Battery breakthrough could extend range of next gen EVs

The team, led by engineer Sibani Lisa Biswal and research scientist Madhuri Thakur, has created a high capacity, low cost anode material with 'serious commercial potential' for rechargeable lithium batteries. In testing, the silicon-based anode was said to deliver 600 charge-discharge cycles at 1,000 milliamp hours per gram (mAh/g) - a significant improvement over the 350mAh/g capacity of current graphite anodes. While silicon can hold 10 times more lithium ions than the graphite commonly used in anodes today, it more than triples its volume when completely lithiated. When repeated, this swelling and shrinking causes silicon to quickly break down.
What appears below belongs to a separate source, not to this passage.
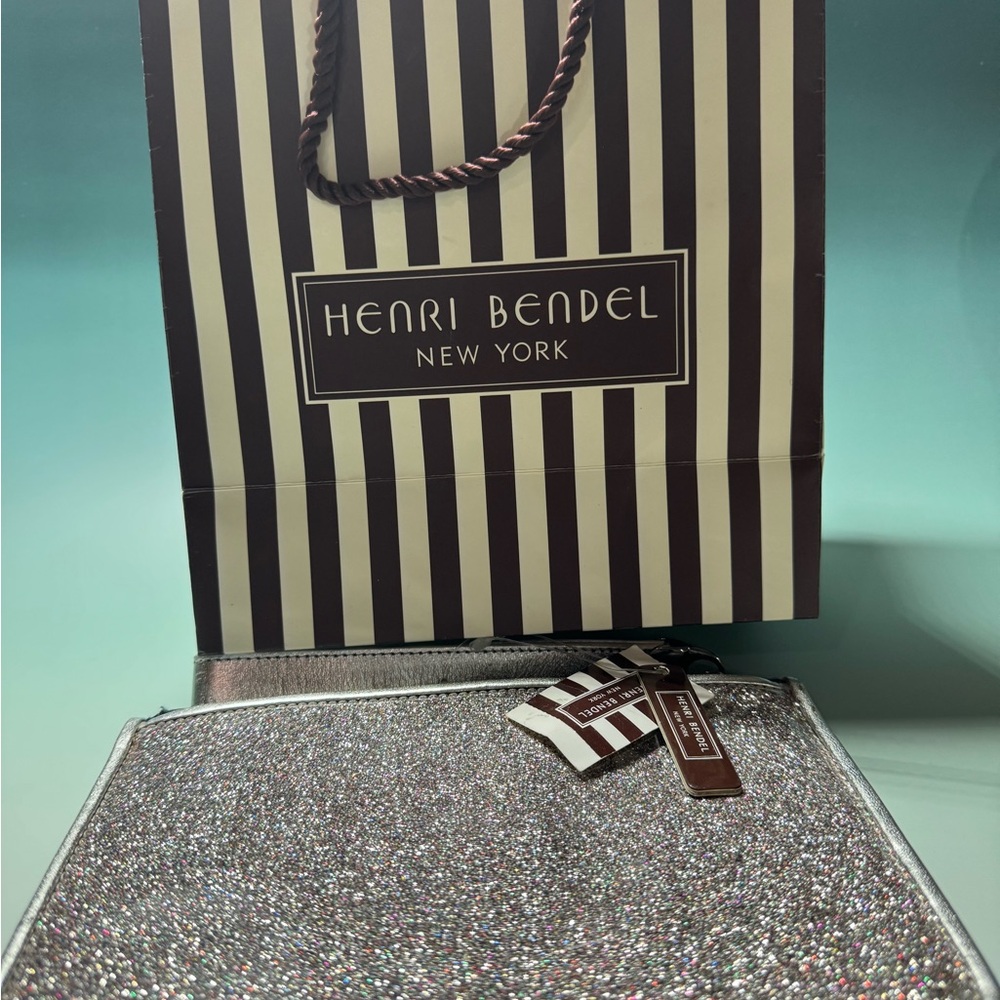 Henri Bendel Flat As A Pancake-Glitter Wristlet (NWT) - Picture 8 of 13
To combat this, the Rice researchers began making porous silicon films. After these proved difficult to handle and even more difficult to scale up, they decided to crush the porous silicon to form porous silicon particulates, a powder which they claim can be easily adapted by battery manufacturers. "As a powder, the silicon films can be used in large-scale roll to roll processing by industry," Thakur noted. "The material is very simple to synthesise, cost effective and gives high energy capacity over a large number of cycles. This work shows just how important and useful it is to be able to control the internal pores and the external size of the silicon particles." The next step for the team, according to Thakur, will be to test the porous silicon powder as an anode in a full battery. "Our preliminary results with cobalt oxide as the cathode appear very promising, and there are new cathode materials that we'd like to investigate," she concluded. The work was carried out in partnership with defence and aerospace firm, Lockheed Martin. The findings have been reported in the journal Nature.